We are also obligated to make royalty payments in certain circumstances. We have received royalty-bearing grants from the IIA to finance our research and development programs in Israel, through which we received IIA participation payments in the aggregate amount of $4,065 through December 31, 2021. In return, we committed to pay IIA royalties at a rate of 3-3.5% of future sales of the developed products, up to 100% of the amount of grants received plus interest at LIBOR rate. Through December 31, 2021, no royalties have been paid or accrued. In addition, in connection with acquiring certain intellectual property from Althera Medical (“Althera”), our predecessor, we assumed all of Althera’s liabilities towards the IIA totaling $474 of royalty-bearing grants received by Althera (plus accrued interest at LIBOR rate). The Company’s liability to the IIA at December 31, 2021, including royalty-bearing grants received by the Company, grants assumed from Althera and the associated LIBOR interest accrued on all such grants, totaled $5,061. In addition, through December 31, 2021, we received IIA participation payments in the aggregate amount of $975 under non-royalty-bearing programs from the IIA. This includes an advance payment of $242 received in December 2021 toward such a non-royalty-bearing grant program, which is effective from December 1, 2021. This amount is presented as an accrued expense at December 31, 2021. Additionally, we also agreed to pay Althera 2% (subject to certain adjustments), from sales derived from the purchased intellectual property, up to a maximum amount of $1,500 (plus VAT), in the aggregate.

In connection with ongoing research and development activities and acquiring certain intellectual property from Ramot at Tel Aviv University Ltd., the technology transfer company of Tel Aviv University, we agreed to pay a 2.5% royalty on net sales of our alpha radiation products and a 7% royalty on any royalties or revenues from licensing such products. We also agreed to grant to HekaBio K.K. options to acquire 271,588 of Alpha Tau ordinary shares at a price of $4.42 each and to pay HekaBio K.K. a royalty of 3.5% of the reimbursement price and 10% of distribution receipts in Japan if HekaBio K.K. successfully assists us in obtaining regulatory marketing approval of the Alpha DaRT in Japan.

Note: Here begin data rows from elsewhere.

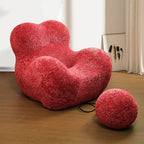 Ultimate Luxury Lounge Chair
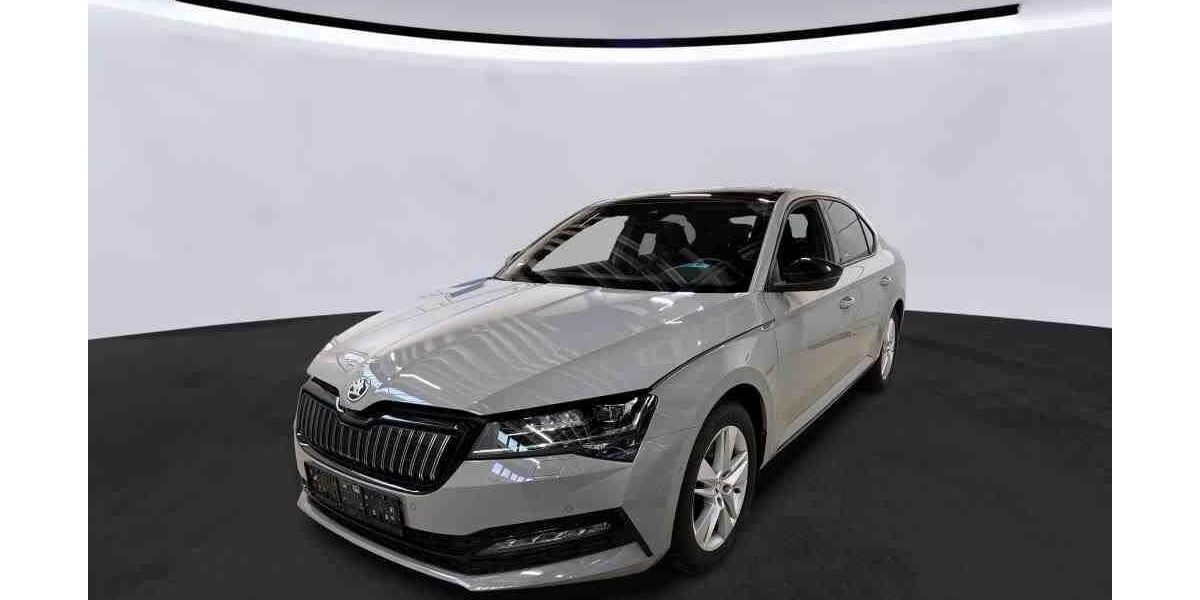 Skoda Superb 43.908 km 31.640 &euro; Hagen 58091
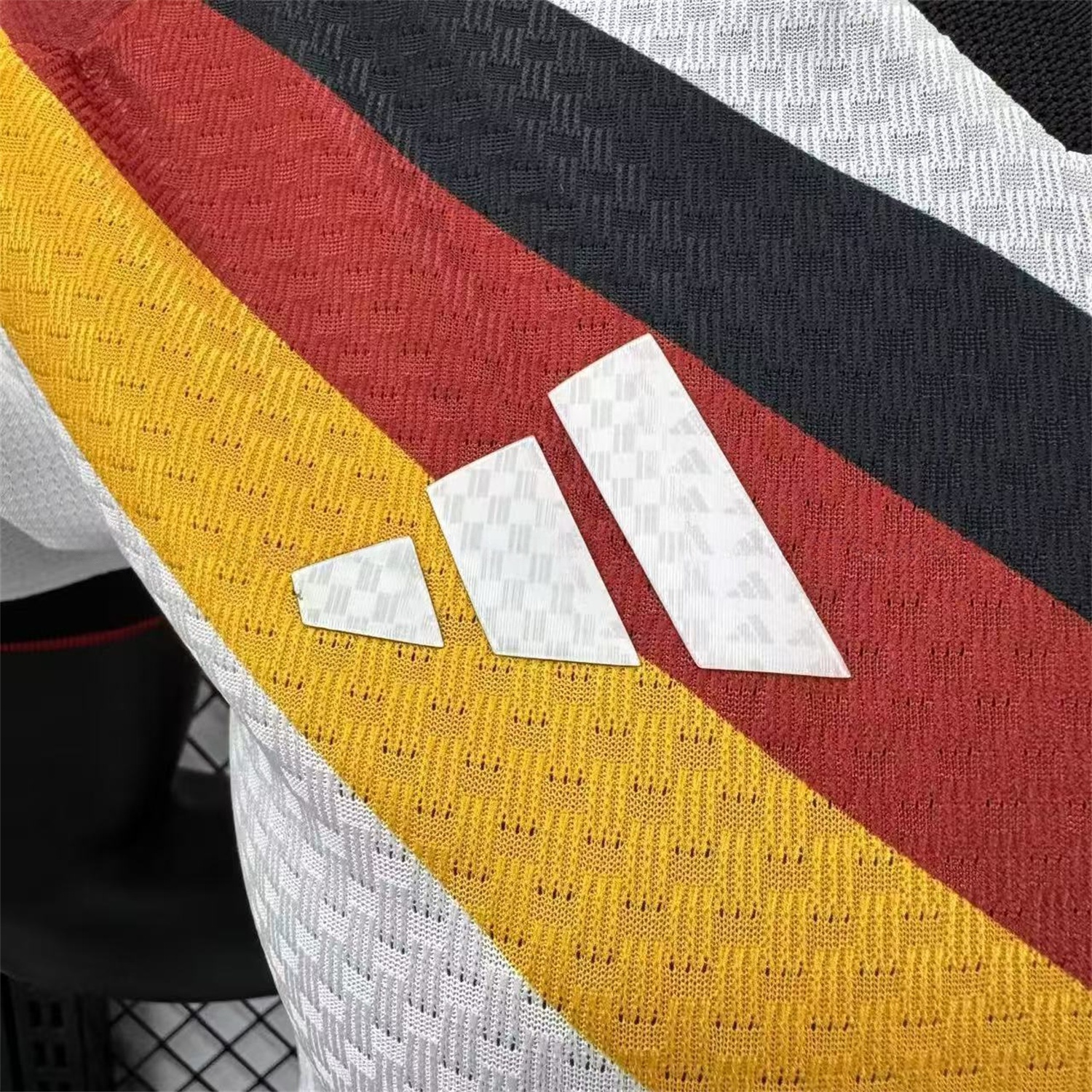 Women's Germany 2026 Home Jersey - Player Version - UnitedFutballJersey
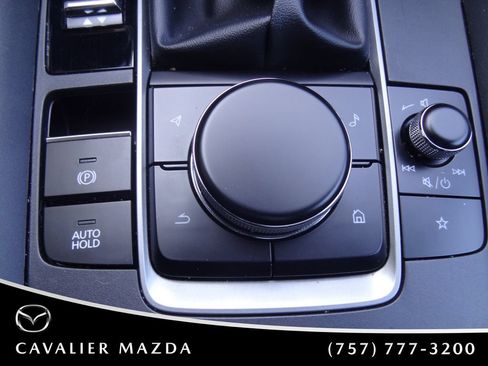 Used 2025 MAZDA CX-50 AWD 2.5 S w/ Cargo Package image 35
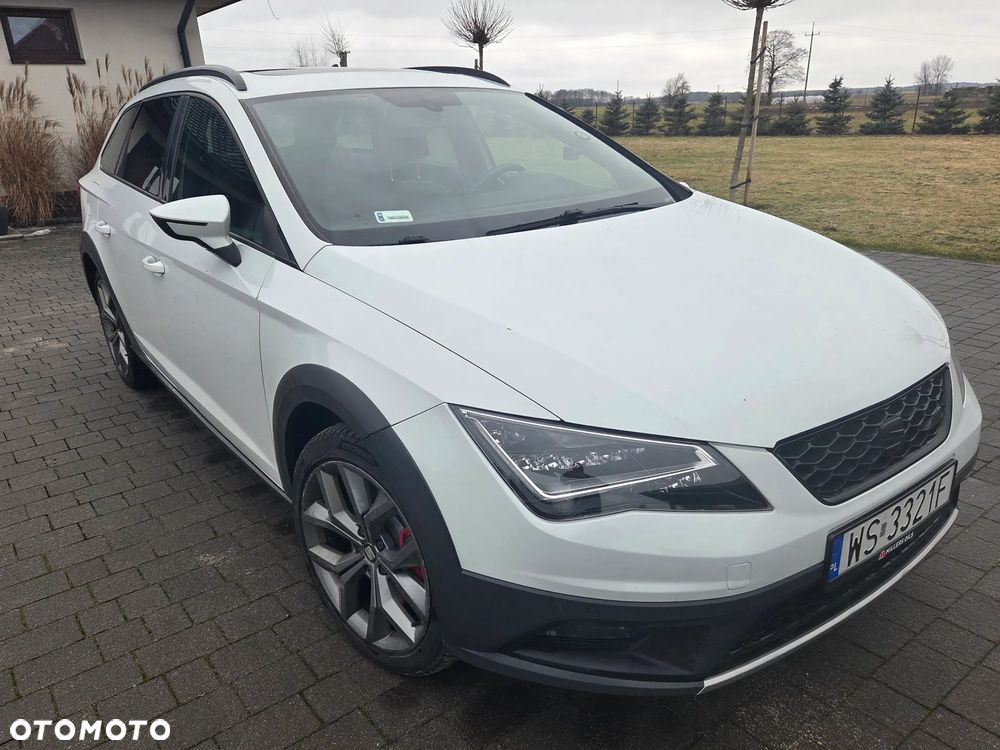 Seat Leon - 10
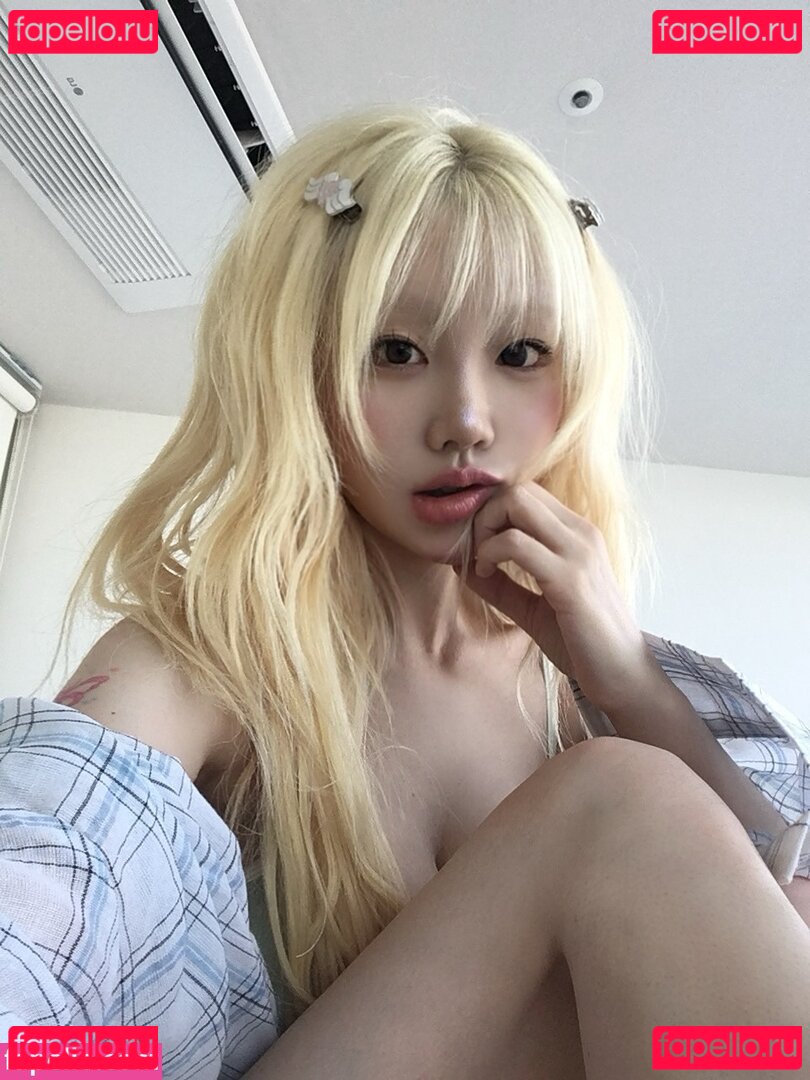 Sejinming / Sejinming 기무세딘 / 기무세딘 Onlyfans Photo Gallery 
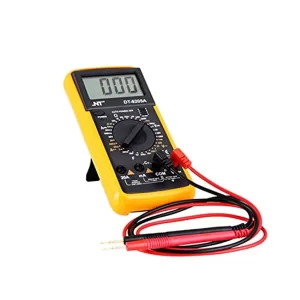 DT-9205A Digital Multimeter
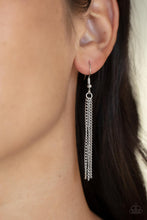 Load image into Gallery viewer, Proudly Prismatic - Blue Necklace freeshipping - JewLz4u Gemstone Gallery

As part of our ongoing research and development activities with BGN Technologies, the technology transfer company of Ben Gurion University (“BGN”), we agreed to pay BGN a 0.75% royalty on all sales of our alpha radiation products and a 1.5% royalty on sales of any products that contain intellectual property owned by Ben Gurion University, net of certain deductions. We also agreed to pay BGN 4% of certain license revenues that relate to jointly developed intellectual property, and 8% of license revenues that relate to intellectual property developed solely by Ben Gurion University. We will wholly own any intellectual property that is developed jointly with Ben Gurion University.

As part of our clinical trial agreement with Cambridge University Hospitals NHS Trust, we agreed to pay Cambridge 5% of any marginal increase in our net sales generated on account of any patent or patent claim granted from the research performed in such trial and 2% of our net sales received for the treatment of Squamous Cell Carcinoma of the vulva.

117

Table of Contents

Off-Balance Sheet Arrangements

We did not have during the periods presented, and we do not currently have, any off-balance sheet arrangements, as defined under applicable SEC rules.

118

Table of Contents

E.Critical Accounting Estimates

Recently Issued and Adopted Accounting Pronouncements

A description of recently issued accounting pronouncements that may potentially impact our financial position, results of operations or cash flows is disclosed in Note 2 to our audited consolidated financial statements included elsewhere in this Annual Report.

Critical Accounting Policies and Use of Estimates

Our management’s discussion and analysis of financial condition and results of operations is based on our consolidated financial statements, which have been prepared in accordance with U.S. GAAP. The preparation of these financial statements requires us to make estimates and judgments that affect the reported amounts of assets, liabilities and expenses and the disclosure of contingent assets and liabilities in our consolidated financial statements during the reporting periods. These items are monitored and analyzed by us for changes in facts and circumstances, and material changes in these estimates could occur in the future. We base our estimates on historical experience, known trends and events, and on various other factors that we believe are reasonable under the circumstances, the results of which form the basis for making judgments about the carrying value of assets and liabilities that are not readily apparent from other sources. Changes in estimates are reflected in reported results for the period in which they become known. Actual results may differ materially from these estimates under different assumptions or conditions.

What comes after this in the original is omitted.